- Church: Scottish Episcopal Church
- Diocese: Diocese of Argyll and The Isles
- In office: 2004–2009

Orders
- Ordination: 1968 (deacon) 1969 (priest)
- Consecration: 8 June 2004

Personal details
- Born: Alexander Martin Shaw 22 September 1944 (age 81)
- Denomination: Anglicanism
- Spouse: Elspeth
- Children: 2
- Alma mater: King's College, London University of Glasgow

= Martin Shaw (bishop) =

Scottish bishop

Alexander Martin Shaw (born 22 September 1944) is a retired Anglican bishop who served in the Scottish Episcopal Church. He was the Bishop of Argyll and The Isles from 2004 to 2009.

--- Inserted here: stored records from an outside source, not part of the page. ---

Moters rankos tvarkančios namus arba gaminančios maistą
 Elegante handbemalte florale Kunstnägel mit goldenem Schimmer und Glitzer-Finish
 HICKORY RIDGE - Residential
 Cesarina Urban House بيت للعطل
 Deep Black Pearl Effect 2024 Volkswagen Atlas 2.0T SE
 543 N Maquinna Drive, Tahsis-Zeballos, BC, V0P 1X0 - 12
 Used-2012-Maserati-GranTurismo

==Early life and education==
Shaw studied theology at King's College London and was awarded the Associateship of King's College (AKC) in 1967. He trained for ordination at Warminster Theological College from 1967 to 1968. He studied at the University of Glasgow, from which he was awarded a Certificate in Social Psychology in 1970.

==Ordained ministry==
Shaw was ordained to the Anglican ministry as a deacon in 1968 and a priest in 1969. His first pastoral appointment was as curate at St Oswald's Church, Glasgow (1968–1970), then as a curate at Old Saint Paul's, Edinburgh (1970–1975). He served as the chaplain to King's College, Cambridge (1975–1977) and the principal of the Institute of Christian Studies, All Saints, Margaret Street, London (1977–1978). He was then Rector of Dunoon (1978–1981) and the succentor at Exeter Cathedral in 1981. His last appointment before being ordained to the episcopate was as precentor and a residentiary canon of St Edmundsbury Cathedral.

===Episcopal ministry===
Shaw was elected Bishop of Argyll and The Isles at a meeting of the electoral synod in Oban in March 2004. He was consecrated and installed at a service on 8 June 2004 at St John's Episcopal Cathedral, Oban. After serving as bishop of the Diocese of Argyll and The Isles for five years, he retired in September 2009.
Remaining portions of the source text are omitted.